** Supplied information follows **

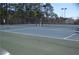 Well-maintained community tennis court perfect for outdoor recreational activities and social gatherings at 3828 Morning Meadow Ln, Buford, GA 30519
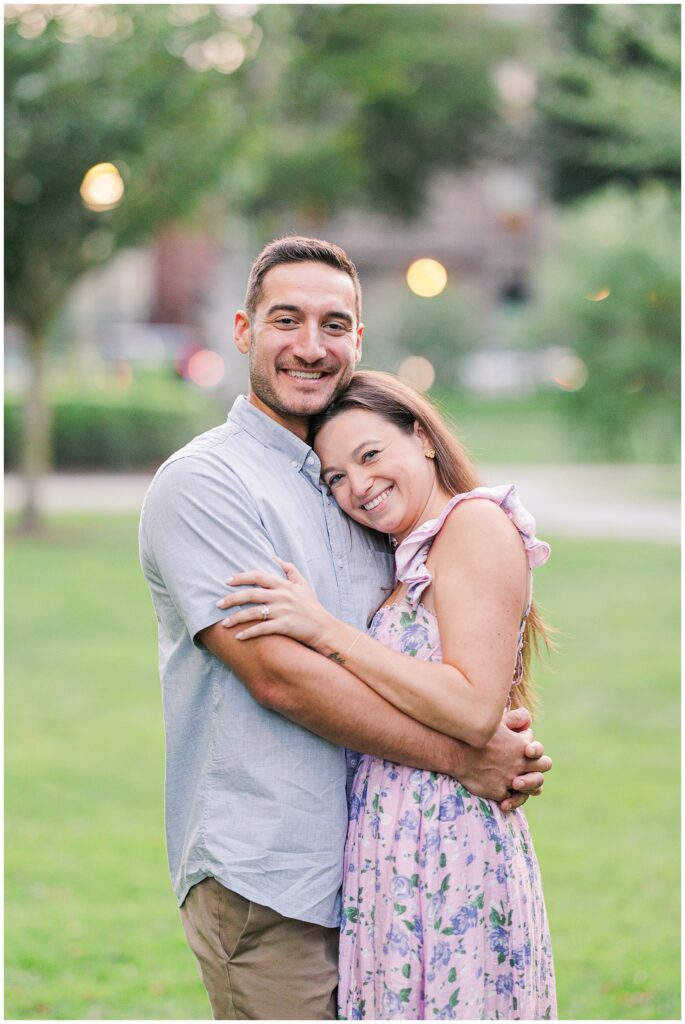 A couple hugs in Boston Public Garden. The man, in a light blue shirt, holds the woman, who is wearing a floral lavender dress. She looks at the camera, both holding each other closely, with a soft green park background.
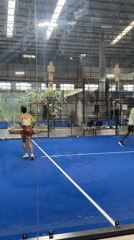 Indoor padel match on a blue court in northern Thailand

** End of Supplied information **

Pictures are to be excluded; all other material must be transcribed exactly.

 Well-maintained community tennis court perfect for outdoor recreational activities and social gatherings at 3828 Morning Meadow Ln, Buford, GA 30519
 A couple hugs in Boston Public Garden. The man, in a light blue shirt, holds the woman, who is wearing a floral lavender dress. She looks at the camera, both holding each other closely, with a soft green park background.
 Indoor padel match on a blue court in northern Thailand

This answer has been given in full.